Highlights & Insights¶
- Training-free Breakthrough: The first zero-shot reasoning VOS framework compatible with both closed/open-source MLLMs, challenging the "fine-tuning is mandatory" paradigm.
- Value of Temporal Reasoning: The CoT process allows MLLMs to "think" about temporal semantic relations, a capability missing in token-based fine-tuning methods.
- Modular Flexibility: Segmenters (LISA/Seg-Zero) and video processors (SAM2/Cutie) are replaceable, meaning future improvements in these modules will directly enhance the system.
- Streaming Practicality: Online reasoning VOS is rare and highly relevant for monitoring and autonomous driving.
Limitations & Future Work¶
- High inference cost for the GPT-4o version (multiple API calls per video).
- Large performance gap (8 points) between Gemma3 and GPT-4o on MeViS suggests MLLM visual reasoning remains a bottleneck.
- Uniform sampling might miss critical motion frames; adaptive sampling strategies (e.g., motion-guided) could be superior.
- Greedy post-processing is simple and struggles with heavy occlusion.
- End-to-end joint training of CoT modules with segmentation/tracking has not been explored.
Related Work & Insights¶
- Compared to VISA/VideoLISA, CoT-RVS replaces fine-tuning with zero-shot reasoning, representing a distinct technical path.
- Inherits the lineage of Seg-Zero/ThinkFirst but adds the temporal dimension.
- Application of test-time compute trends to vision tasks.
- vs VISA/VideoLISA: These fine-tune MLLMs for tokens; CoT-RVS is zero-shot.
- vs Seg-Zero/ThinkFirst: Image-domain CoT segmentation; this work extends it to video temporal domains.

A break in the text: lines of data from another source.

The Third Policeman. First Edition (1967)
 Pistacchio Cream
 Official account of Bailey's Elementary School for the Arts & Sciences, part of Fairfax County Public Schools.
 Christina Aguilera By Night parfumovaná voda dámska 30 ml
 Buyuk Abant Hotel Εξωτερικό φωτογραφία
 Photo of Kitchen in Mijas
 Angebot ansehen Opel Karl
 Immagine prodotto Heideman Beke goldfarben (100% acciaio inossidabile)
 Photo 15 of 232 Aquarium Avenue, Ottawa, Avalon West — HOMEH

- vs SAM2: Used as a plug-and-play tracking module, showing potential for combination with reasoning systems.
Rating¶
- Novelty: ⭐⭐⭐⭐ Zero-shot CoT for video temporal reasoning is pioneering.
- Experimental Thoroughness: ⭐⭐⭐⭐ 4 benchmarks + online expansion + modular ablations.
- Writing Quality: ⭐⭐⭐⭐ Vivid examples and clear architecture descriptions.
- Value: ⭐⭐⭐⭐ Training-free paradigm is practical but relies on strong MLLMs.